Global passive funds hold strong in 2015’s choppy market

10 November 2015

FE Trustnet reveals the sector where tracker funds have held up against their actively managed rivals despite the high amounts of volatility so far in 2015.

By Daniel Lanyon,

Senior reporter, FE Trustnet

Passive equity portfolios tracking global equities have stood up to the increased market volatility relative to actively managed global funds this year, according to research by FE Trustnet.

Active global funds, as a group, are well known for struggling to beat the index over the longer term and several commentators such as Equilibrium’s Mike Deverell have pointed out that many portfolios have been traditionally too close to the index with remarkably high charges to boot.

Thanks to increased concerns about slowing global growth and the loss of control of the Chinese economy by its ruling party, this year has seen a historic and substantial one-day crash in August – dubbed Black Monday – and a generally risk-off period from markets either side of this.

However, this has meant active funds have struggled relative to passives once again. According to FE Analytics, only 41 per cent – or 108 of 259 - active portfolios in the IA Global sector have beaten the MSCI World index in 2015.

The average return in the IA Global sector this year has been 2.88 per cent versus a gain in the MSCI World index of 3.98 per cent. The Fidelity Index World fund has returned 4.08 per cent, for example.

Performance of fund, sector and index in 2015

   

Source: FE Analytics


The rate of outperformance of active global funds tends to be relatively low, when compared to other sectors, regardless of market conditions.

In contrast a number of FE Trustnet studies have shown how active managers in the UK equity space have largely outperformed the FTSE All Share so far this year with the huge falls in some sectors such as mining as well as some of the other largest names in the FTSE 100 – which has created a great of dispersion in the overall market.

In a study last year FE Trustnet revealed that over the previous three years more than 75 per cent of global funds had underperformed. Almost 80 per cent finished 2014 behind the index.

During the weakest part of 2015 between April and Black Monday when the MSCI World index lost 15.96 per cent and no fund was in positive territory, slightly more than one in two active funds stayed above the index although this clearly did last in the snap back in markets.

Performance of fund, sector and index April – August 2015


Source: FE Analytics

Of course the numbers for 2015 year represent some improvement on last year and this pulls up the past three years’ figure somewhat from  but still less than only 39 per cent of active funds are ahead of the MSCI World index over three years.

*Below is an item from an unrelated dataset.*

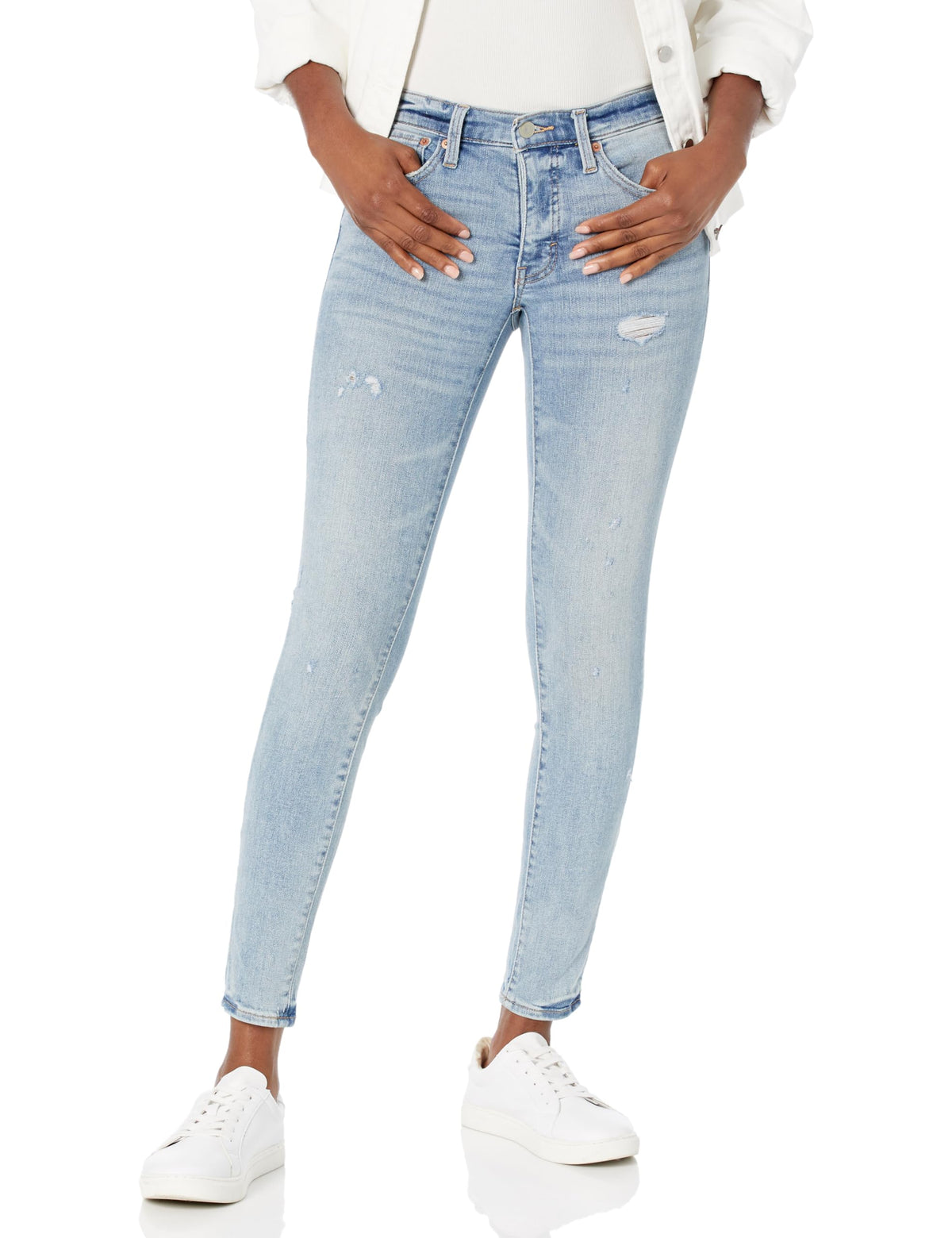Lucky Brand Women's Mid Rise Ava Skinny Jean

Performance of sector and index over 3yrs


Source: FE Analytics

Over five years just 20 per cent of active funds are ahead of the index. Over 10 years it is about a third that have outperformed.

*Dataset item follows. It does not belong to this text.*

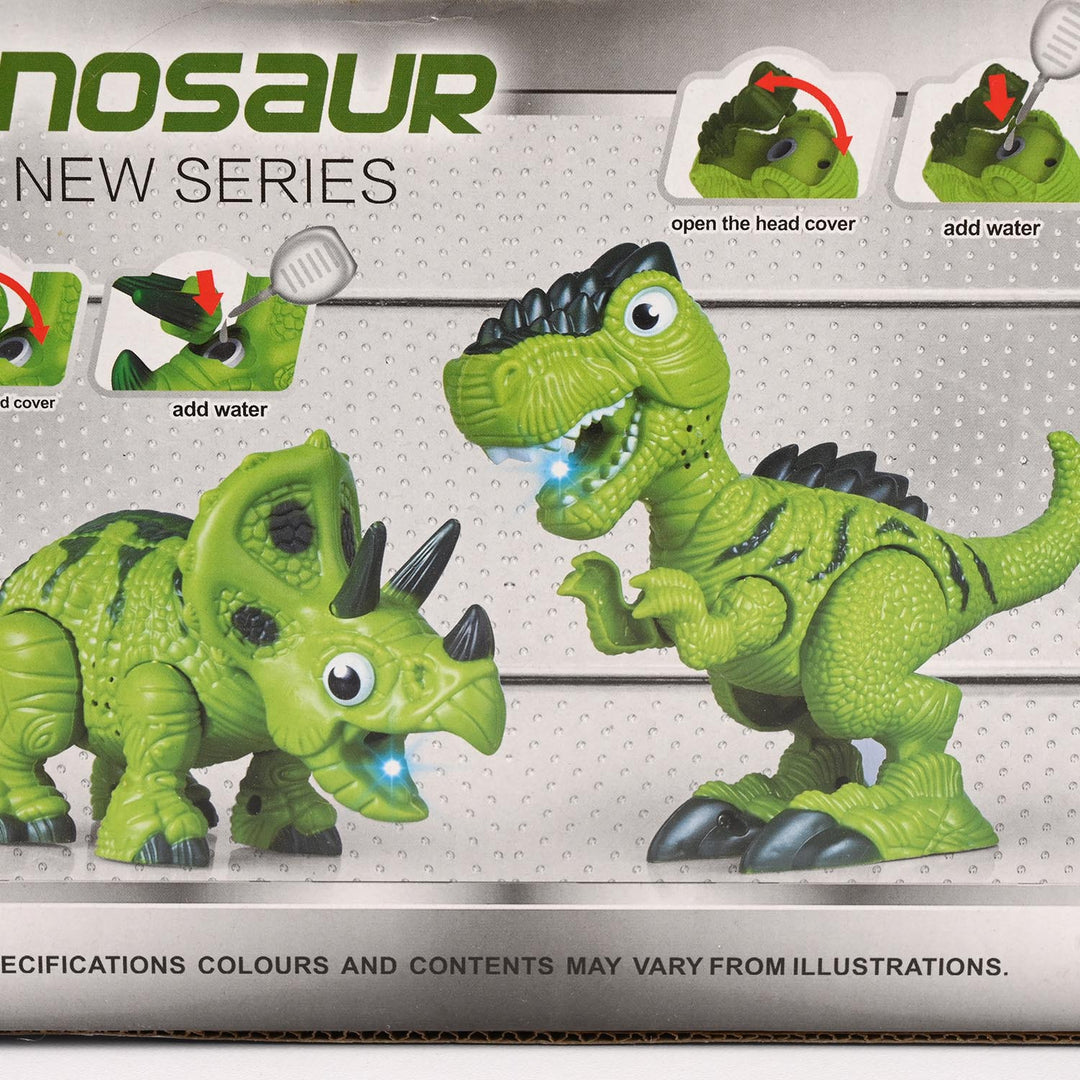 Electric Dinosaur Toy with Light & Sound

SCM’s Gina Miller thinks the relatively poor performance of active global funds is due to several factors apart from those affecting markets.


“In a way it is surprising that so many active funds are faring so badly in 2015 when the vast majority are significantly overweight smaller/medium sized stocks which have outperformed significantly in the UK and Europe,” Millar said.  

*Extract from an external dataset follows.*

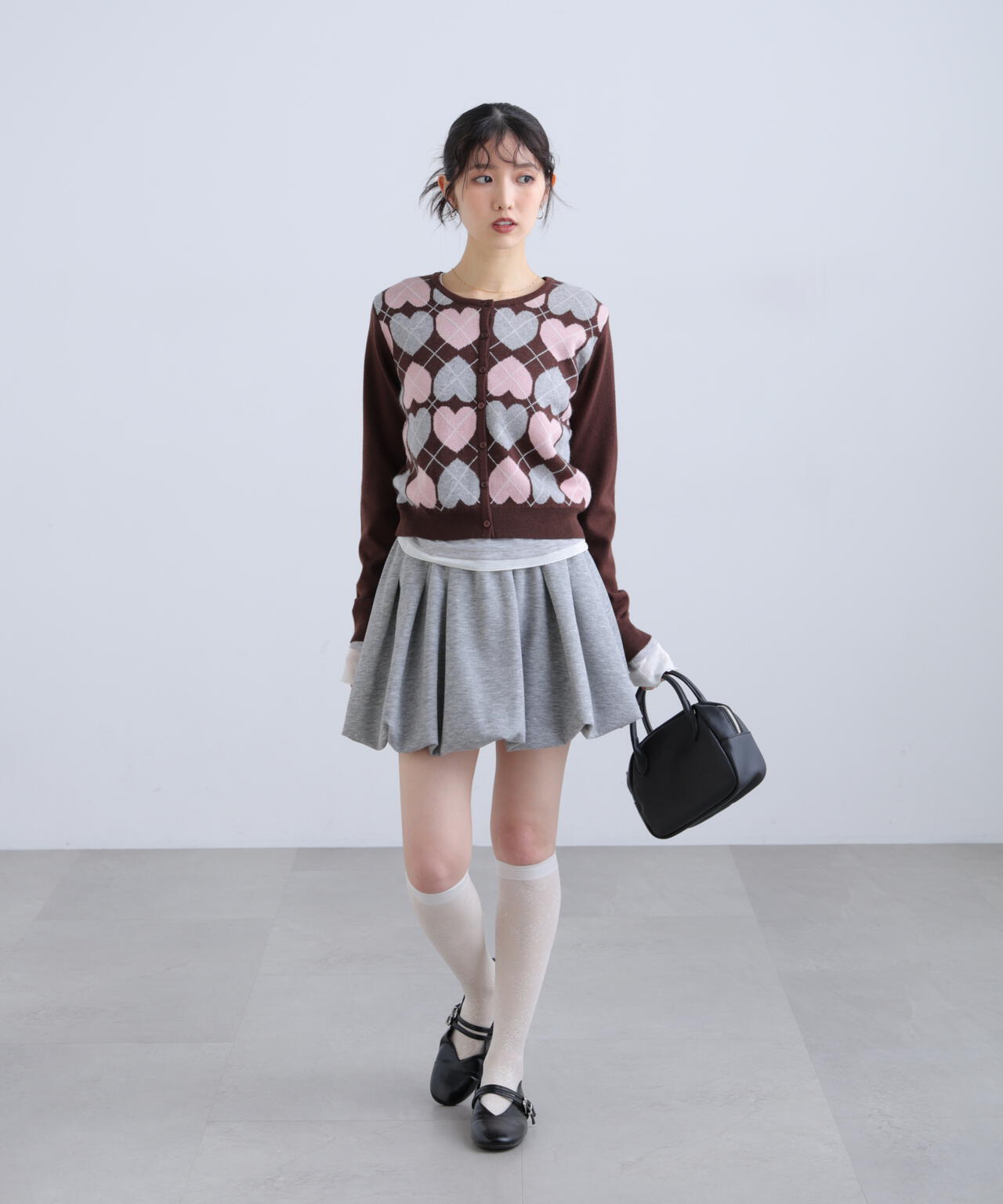162cm 着用サイズ：FR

“It is more a reflection of a) higher costs and charges and b) the fact that information is disseminated much quicker and to everyone these days, thereby eradicating the previous ‘information edge’ of an active manager.”

The broad sell off in risk assets over the course of 2015 was due to a panic by investors following several years of strong gains, with this anxiety now receding and markets snapping back, according to Invesco Perpetual’s chief investment officer Nick Mustoe.

“The outlook for global economic growth has been clouded by the focus on China and the rebalancing of its economy. However, global equity market volatility and fears of a hard landing in China which dominated in August and September are gradually receding from memory,” he said.

He adds that while the risk appetite for both stocks and bonds diminished at the same, against their usual habit of rising and falling in contrast. He says this suggests the falls were more to do with panic than fundamentals.

“I don’t think that China will have a hard landing and I don’t think that there will be a global recession. China’s economic slowdown has been taking place for a number of years. I think it’s a natural function of an economy that’s developing reasonably well.”

“However, there are signs of stabilisation and fears around what this could mean for Asian equity markets have been somewhat overblown, in my view. The volatility we saw across global financial markets in recent months, and which was amplified in Asian equity markets, left the share prices of some good quality companies looking attractive to us.”